[ruby-core:94171] [Ruby master Bug#16049] optimization for frozen dynamic string literals "#{exp}".dup and +"#{exp}"
From:
eregontp@...
Date:
2019-08-07 10:13:08 UTC
List:
ruby-core #94171
Issue #16049 has been updated by Eregon (Benoit Daloze).
Part of the explanation:
String#freeze never allocates a new String, it just freezes the receiver in place.
String#-@ deduplicates/interns the String, to do so it needs to return a new String instance (unless it's already an interned String, or it cannot be interned because e.g., it has instance variables).

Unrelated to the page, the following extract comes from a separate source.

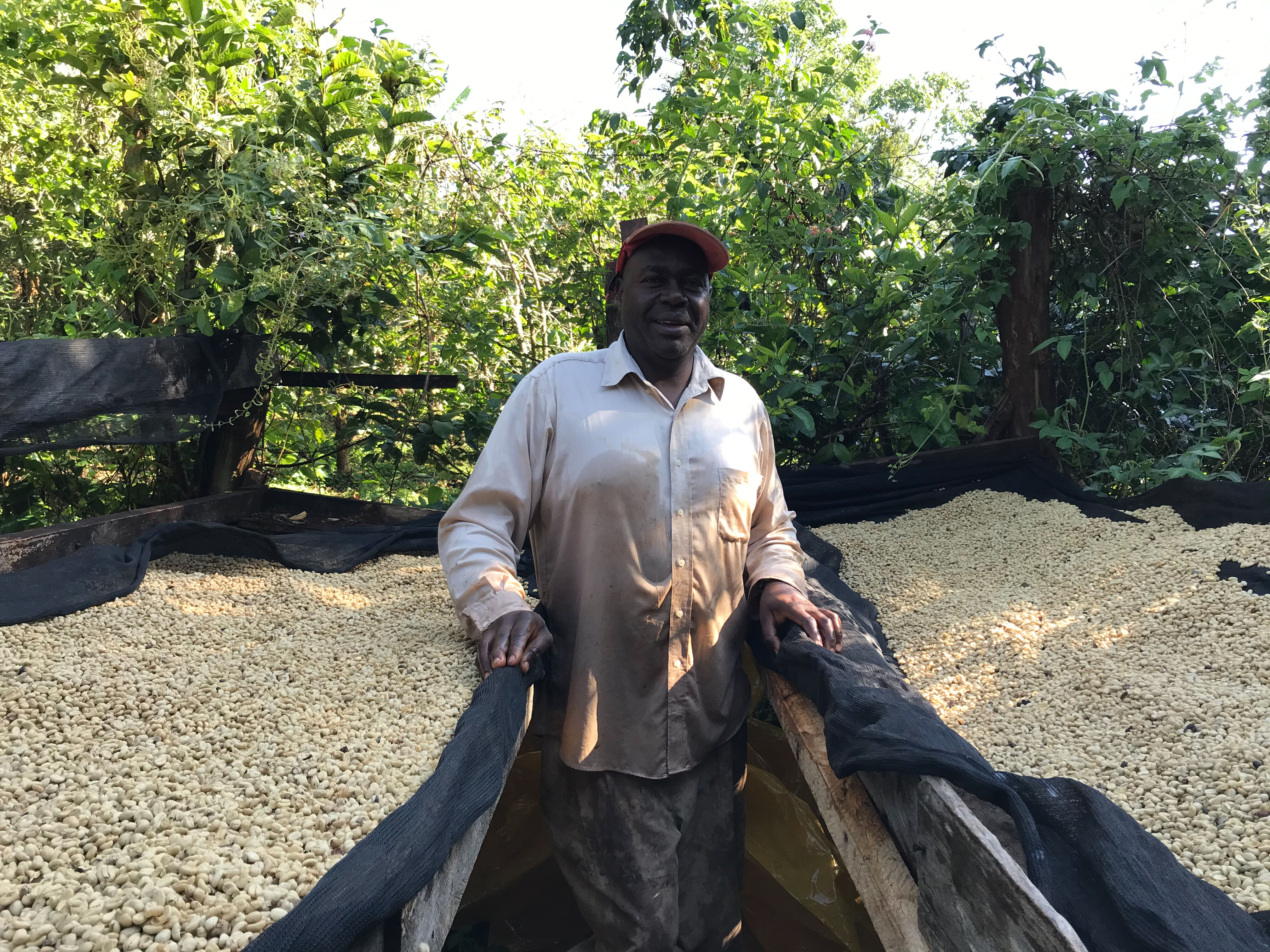 charles-mangua---mbari-estate_51749439487_o.jpg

----------------------------------------
Bug #16049: optimization for frozen dynamic string literals "#{exp}".dup and +"#{exp}"
https://bugs.ruby-lang.org/issues/16049#change-80427
* Author: Dan0042 (Daniel DeLorme)
* Status: Open
* Priority: Normal
* Assignee:
* Target version:
* ruby -v: ruby 2.7.0dev (2019-04-22 trunk 67701) [x86_64-linux]
* Backport: 2.5: UNKNOWN, 2.6: UNKNOWN
----------------------------------------
When the decision was made that `frozen_string_literal: true` should also apply to dynamic string literals, it was mitigated with the following explanation:
> "#{exp}".dup can be optimized so it won’t allocate extra objects like "...".freeze
https://docs.google.com/document/u/1/d/1D0Eo5N7NE_unIySOKG9lVj_eyXf66BQPM4PKp7NvMyQ/pub
However that does not appear to be the case currently.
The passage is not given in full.